By Chris Wickham
Published in November 2016
Thibault’s Score: 2/5
Medieval Europe is a survey history that focuses on institutional change in Europe from 500 until 1500. Due to its brevity, this book does not focus on the specifics, but rather on broad trends shaping states and social institutions.
I didn’t really like this book that much. First, I found that the information was too basic for me, because I have been studying the Middle Ages in depth for several years. However, I also think that this book is likely to be too complicated and too uninteresting for a neophyte who doesn’t have any background in the Middle Ages.
Chris Wickham’s writing style doesn’t jive well with me either. He makes many arguments to “go against” popular or academic conceptions of the Middle Ages. I don’t really care about oppositional statements, and find them very off putting in historical works like this.
The book had a lot of boring sections. Part of this is because the book is neither a narrative or a historiographical treatise. Narrative histories are less accurate and more prone to legends, but are interesting as they have characters and motives.
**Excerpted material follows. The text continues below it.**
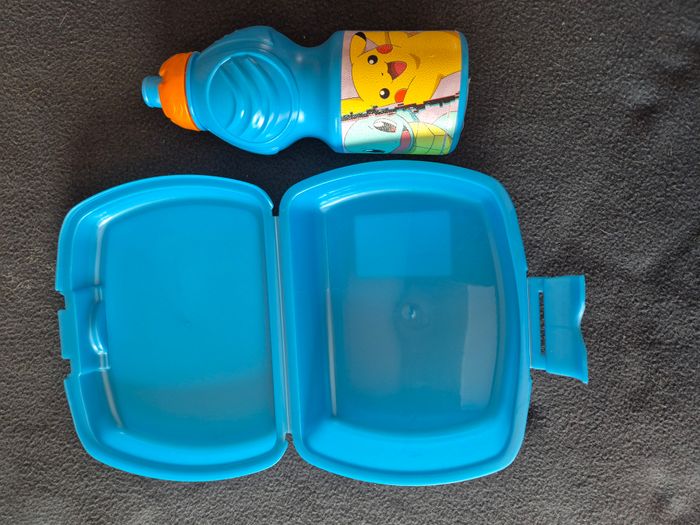 boite + gourde Pokémon - photo numéro 2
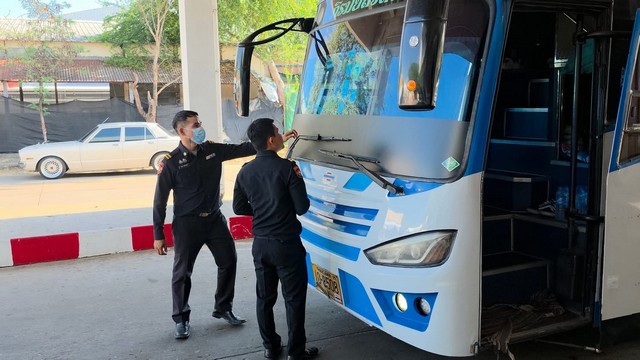 ร้อยเอ็ด..เข้ม…ขนส่งร้อยเอ็ดคุมเข้มรถโดยสารสาธารณะช่วงวันหยุดยาว ตรวจเข้มทุกจุดสร้างความปลอดภัยผู้โดยสาร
Historiographical histories focus more on the methods of text analysis and archaeology, and are very intellectually stimulating.
This book does not cover many specific narratives as it is only intended to serve as a very broad survey. It also doesn’t cover the methods of historians and archeology.
I thought it was a pretty boring and very milktoast book which doesn’t have very many gems hidden in it. My recommendation is for readers to skip it entirely.
I did not finish the book, only made it roughly two thirds until the end before I put it down.